"Tengo 44 años y me he dado cuenta de que los hábitos que mantienen mi vida en orden son los aburridos que tenían mis padres de la generación del baby boom, y los que se están desmoronando son los modernos que yo estaba seguro de que eran mejores"

Imagen: Clarín · Ver original
"Tengo 44 años y me he dado cuenta de que los hábitos que mantienen mi vida en orden son los aburridos que tenían mis padres de la generación del baby boom, y los que se están desmoronando son los modernos que yo estaba seguro de que eran mejores". Esta es la contundente conclusión a la que llegó un hombre en el repaso de sus rutinas cotidianas, y después de compararlas con las que presenció en sus tiempos de crianza.
Durante años observó como señales de conformismo las formas tradicionales de organizar la vida que vio en sus padres. Por eso, ya de adulto, apostó por rutina marcada por la tecnología, la disponibilidad permanente y la búsqueda constante de aprovechar cada minuto.
Pero con el paso del tiempo descubrió que muchas de esas prácticas que fue incorporando no le daban el equilibrio que esperaba. En contraste, varias de las costumbres que veía como aburridas terminaron aportándole estabilidad.
En la reconstrucción del tiempo que compartió con sus progenitores, estuvo en un esquema de horarios relativamente fijos para levantarse, comer y acostarse, incluso los fines de semana. Cuando se independizó, él modificó esos parámetros: alternaba jornadas extensas de trabajo con noches de poco descanso y horarios variables.
Sin embargo, con el tiempo comprobó que la regularidad que observó durante años favorecía su bienestar físico y mental. Dormir a la misma hora y mantener una rutina diaria redujo la sensación permanente de cansancio que arrastraba desde hacía años. Y aplicó dicho cambio.
Por otro lado, durante mucho tiempo priorizó aplicaciones de delivery y comidas rápidas porque las asociaba con practicidad. Sin embargo, descubrió que cocinar con mayor frecuencia no solo resultaba más económico, sino que también le permitía alimentarse mejor y organizar el resto de la semana con menos improvisación.
El autor también reconoce que la conexión tecnológica permanente derivó en en una fuente constante de distracción. Tener el teléfono siempre al alcance, responder mensajes de trabajo fuera de horario y revisar redes sociales de manera compulsiva generaban una sensación de agotamiento difícil de identificar.
Por ello estableció momentos del día sin pantallas (televisión, teléfono, computadora) y evitó revisar notificaciones en el celular durante la noche. Según explica, esos pequeños cambios mejoraron su concentración y le permitieron recuperar espacios de descanso que antes estaban ocupados por el celular.

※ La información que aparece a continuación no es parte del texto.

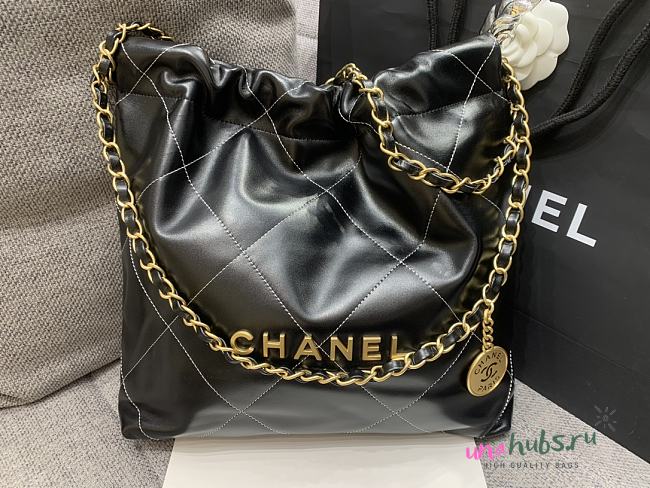  	 Chanel 22 Tote Black Shiny Calfskin & Gold-Tone Metal - 39 × 42 × 8 cm - 1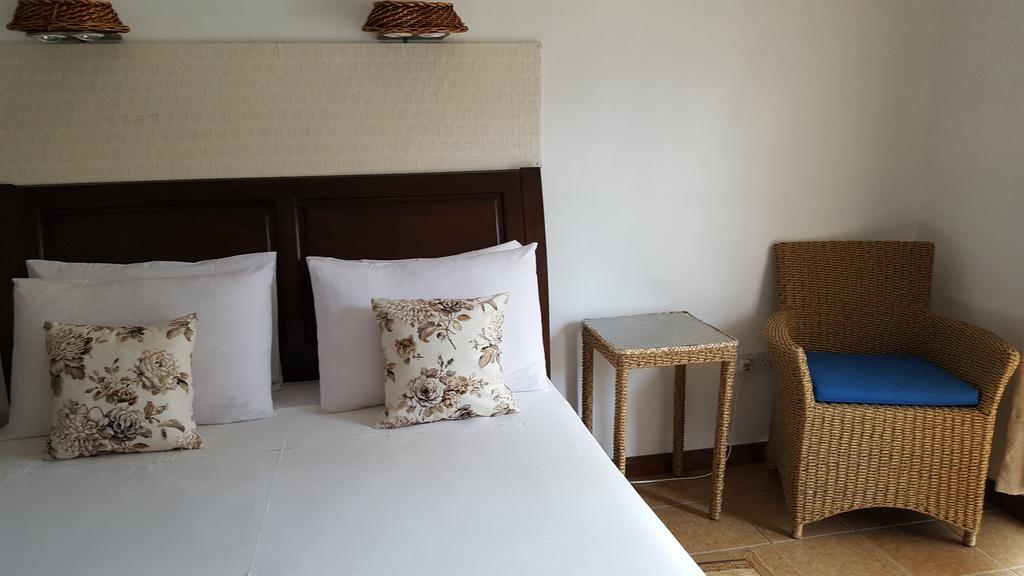 Villa Kayola - Self Catering Pointe La Rue Εξωτερικό φωτογραφία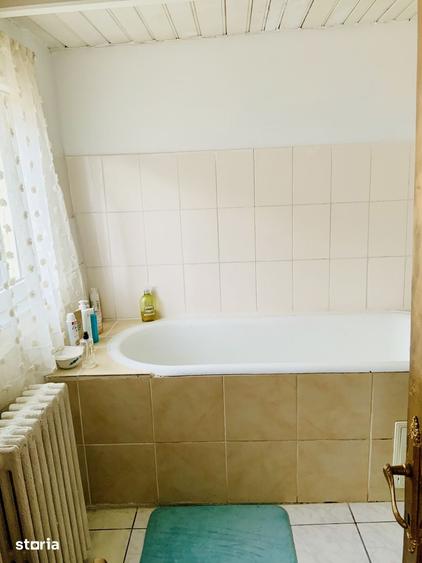 Casă cu 7 camere cu Teren 175 Mp în Zamora
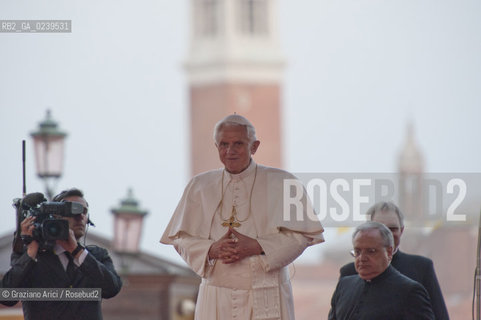 Venice 7/5/11 - Benedict XVIs visit to the Diocese of the Northeast: Pope Ratzinger visit the city of Venice in S.Marks Place with the Cardinal Scola papa piazza s.marco ©Graziano Arici/Rosebud2
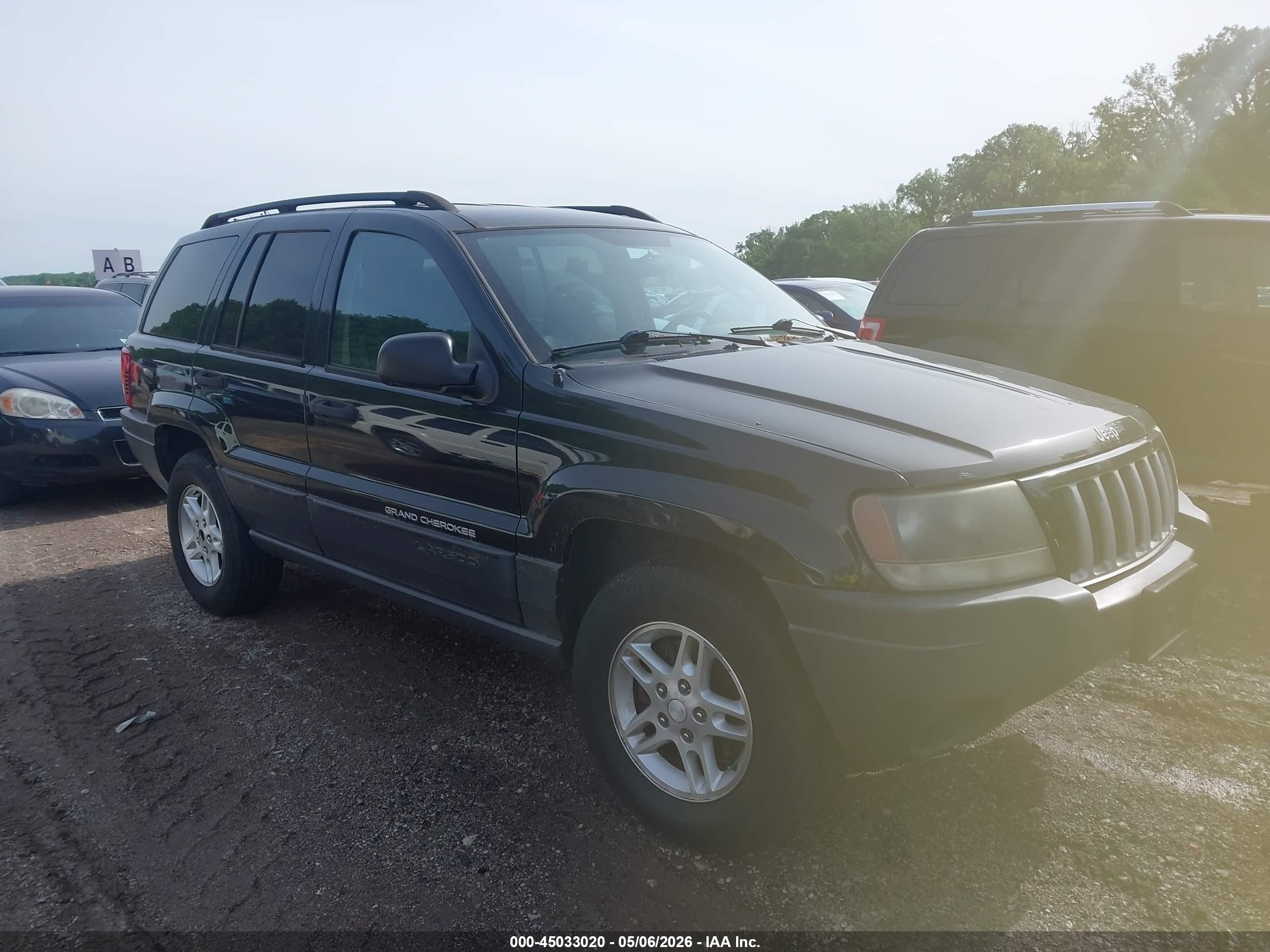 2004 Jeep Grand Cherokee Laredo, VIN 1J4GW48S94C372848 — Normal wear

La experiencia también lo llevó a revisar la idea de que la productividad debía ocupar cada momento libre. Sus padres dedicaban tiempo a caminar, conversar con vecinos o realizar tareas domésticas sin buscar un beneficio inmediato. Él consideraba que esas actividades eran una pérdida de tiempo.
Hoy sostiene que esos espacios cumplen una función importante porque permiten bajar el ritmo y sostener una rutina más equilibrada. Del mismo modo, reconoce que mantener vínculos cara a cara requiere un esfuerzo que muchas veces las comunicaciones digitales no reemplazan.
Lejos de plantear un regreso al pasado, el autor aclara que no se trata de rechazar la tecnología ni las herramientas actuales. Su reflexión apunta a reconocer que algunas prácticas heredadas conservan vigencia porque ayudan a ordenar la vida cotidiana.